## TASK GOAL
Every line of the data below should be repeated exactly, and no picture should be copied.

## COLLECTED MATERIAL
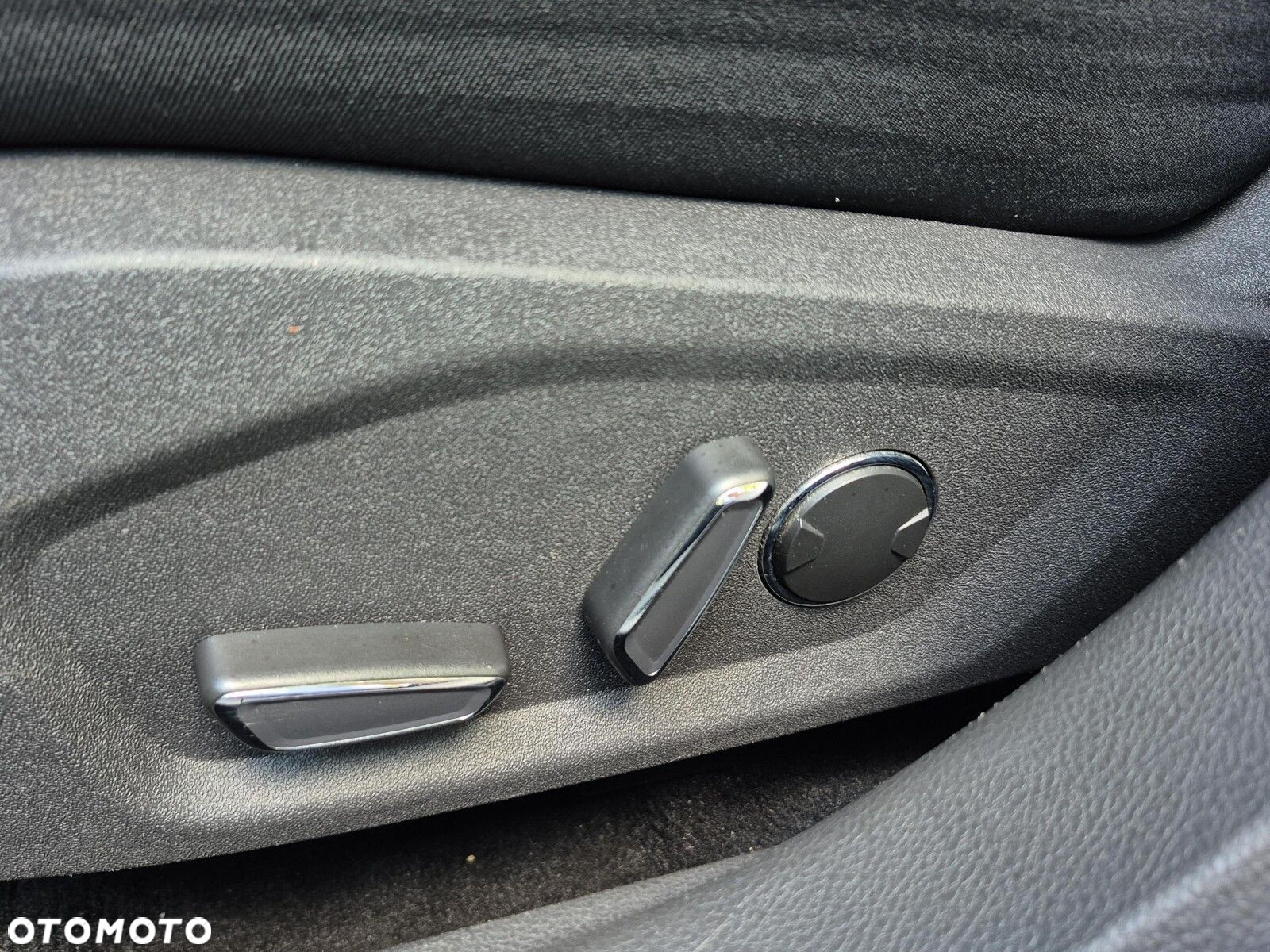 Ford Mondeo 2.0 TDCi Titanium PowerShift - 13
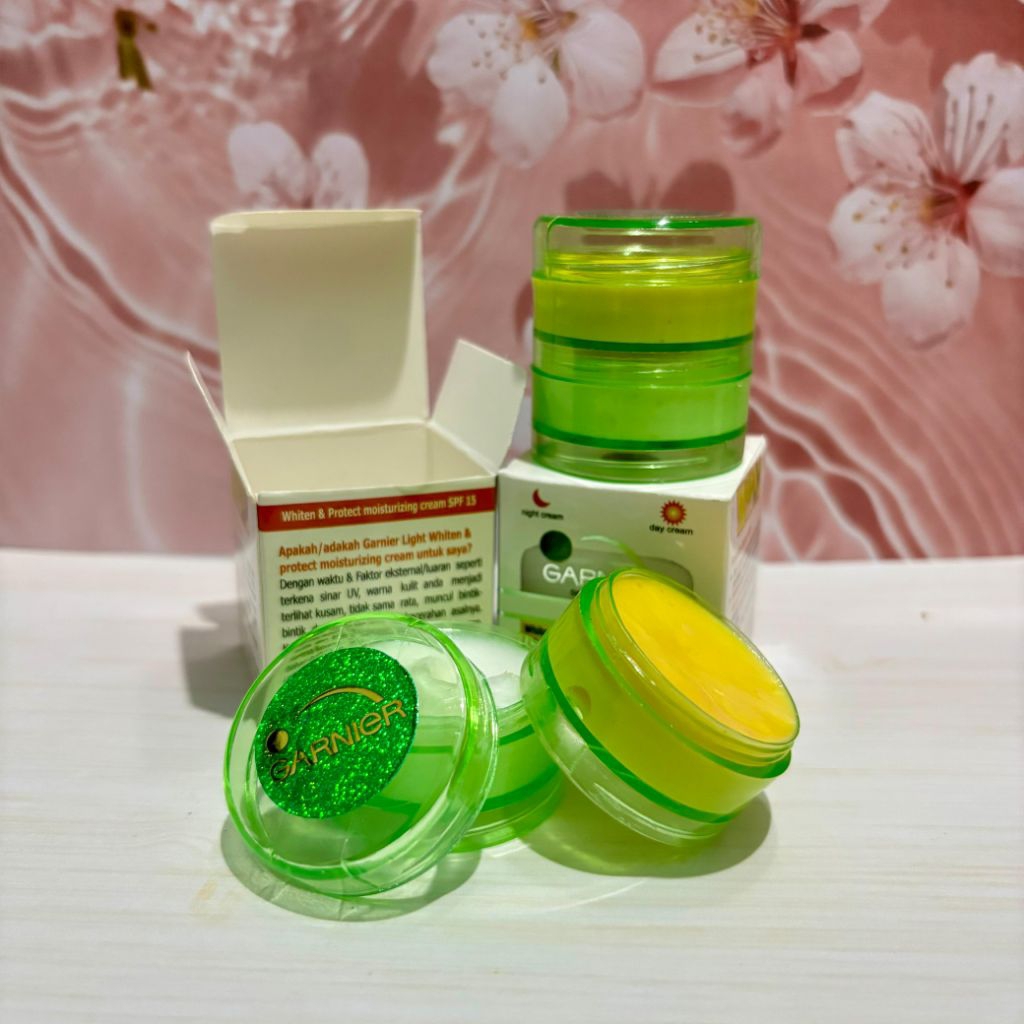 

Promo!! 3pcs Dus Garnier Susun Untuk krim.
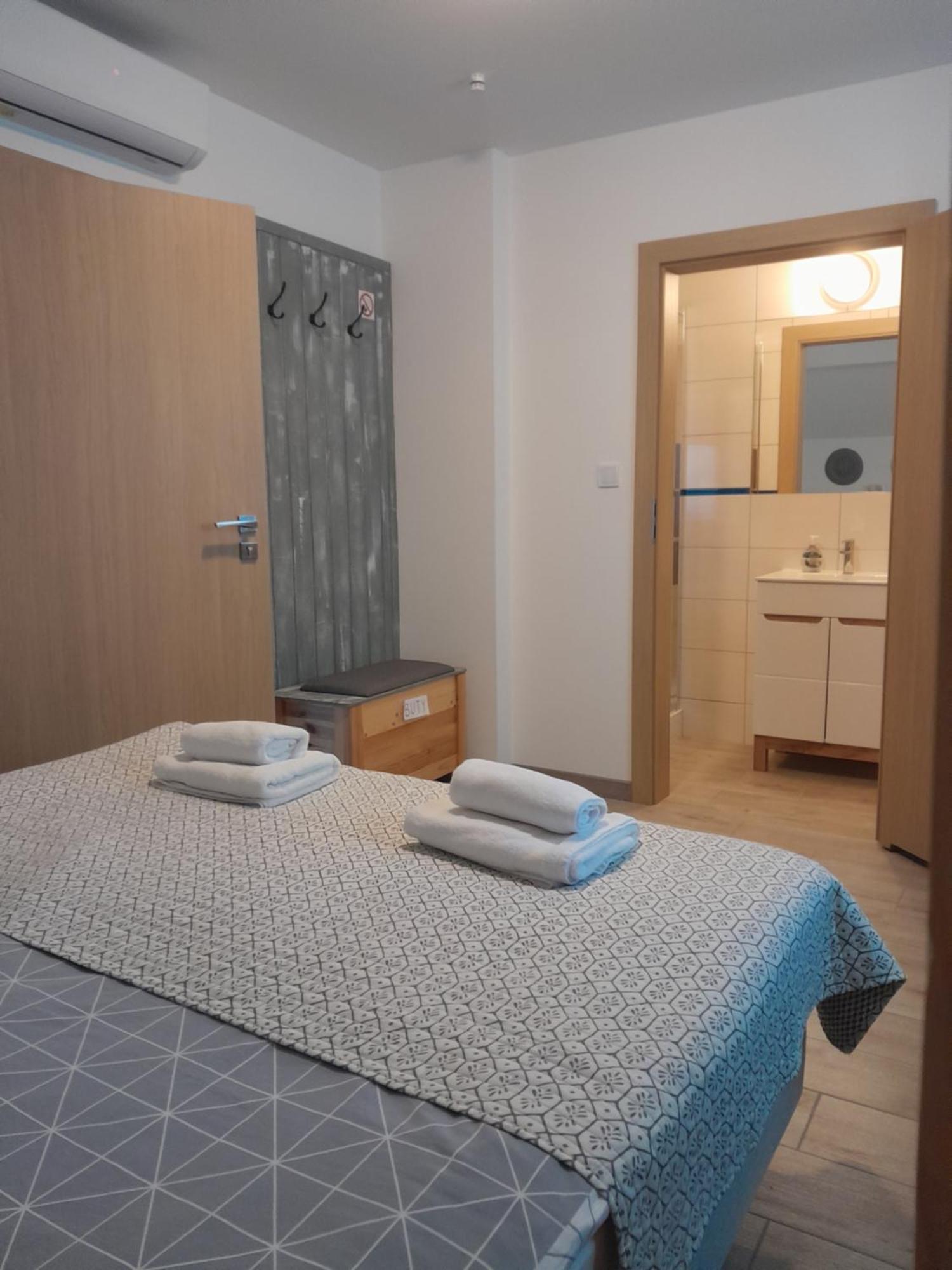 Dworek Akacja Uslugi Hotelarskie Janowiec Exterior foto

## THE ANSWER
 Ford Mondeo 2.0 TDCi Titanium PowerShift - 13

Promo!! 3pcs Dus Garnier Susun Untuk krim.
 Dworek Akacja Uslugi Hotelarskie Janowiec Exterior foto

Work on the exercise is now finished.